One of the large properties within the redevelopment area was a forty-six-acre portion that included a tar manufacturing facility. Between 1988 and 1994, that tar manufacturing facility was demolished. Thereafter, the forty-six acres were divided into three commercial use parcels: a 37.67-acre tract that Columbia Container continues to use as a storage facility, a 6.66-acre tract used by Maher Truck Terminal ("Maher"), and a small 1.66-acre salvage yard used for commercial vehicles.

The specific property at issue in this litigation is the 6.66-acre tract, which is identified on the City's tax maps as Block 5016, Lots 4 and 5. For many years, the property has been used in the transportation business for the operation of what is described in the complaint as an "off dock empty container terminal." As we understand it, the premises store empty containers that are used in shipping through the Port of New York and New Jersey. The terminal is operated by Maher, a marine transportation company. Maher, which is not a party to this litigation, allegedly is a profitable, active enterprise that employs twenty workers at the site.

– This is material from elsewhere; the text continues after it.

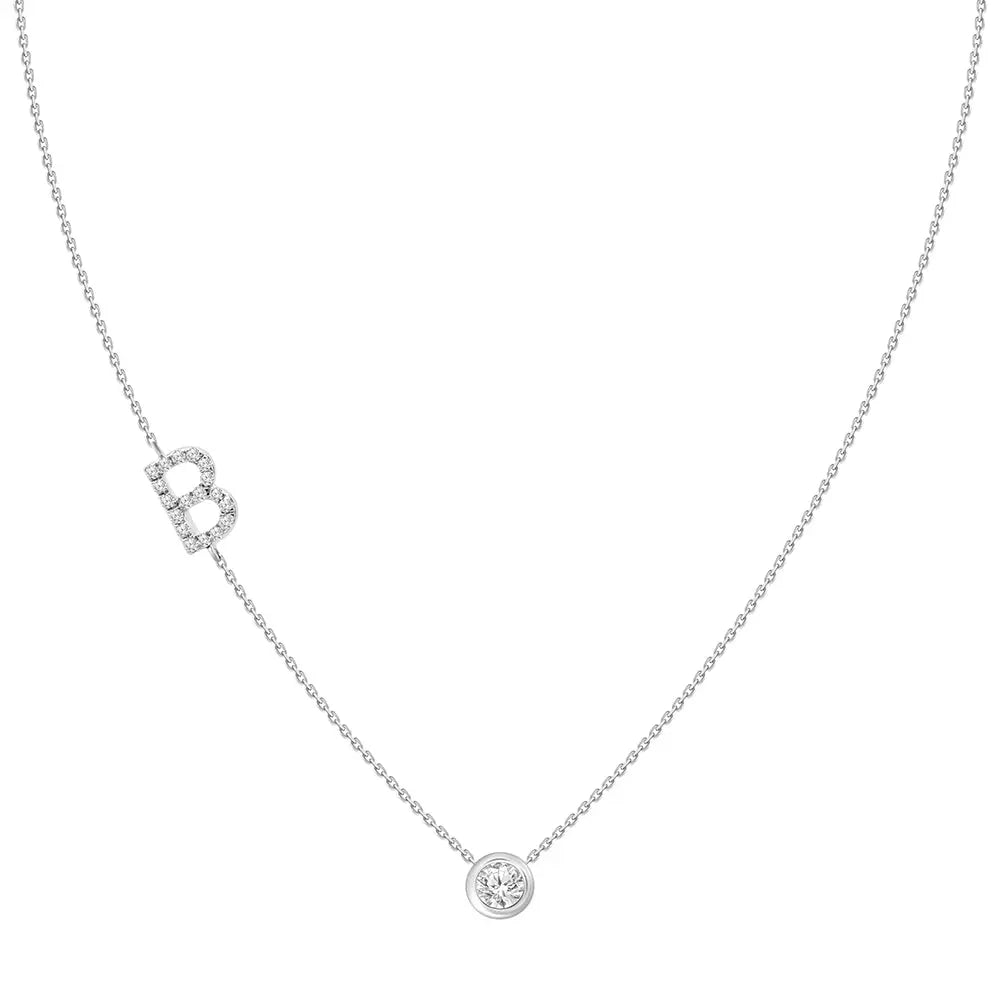 Colar com Pingente Letra de Diamante-JJ Diamond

Although the history of title to the property is not completely provided in the record, it appears that Columbia Container entered into a contract on September 29, 2005 to acquire the property from a entity identified as 295 Doremus Urban Renewal Associates, L.P. ("295 Doremus").*fn11 On February 17, 2006, Columbia Container assigned its purchase rights to Dutch Neck. On that same date, 295 Doremus deeded the property to Dutch ...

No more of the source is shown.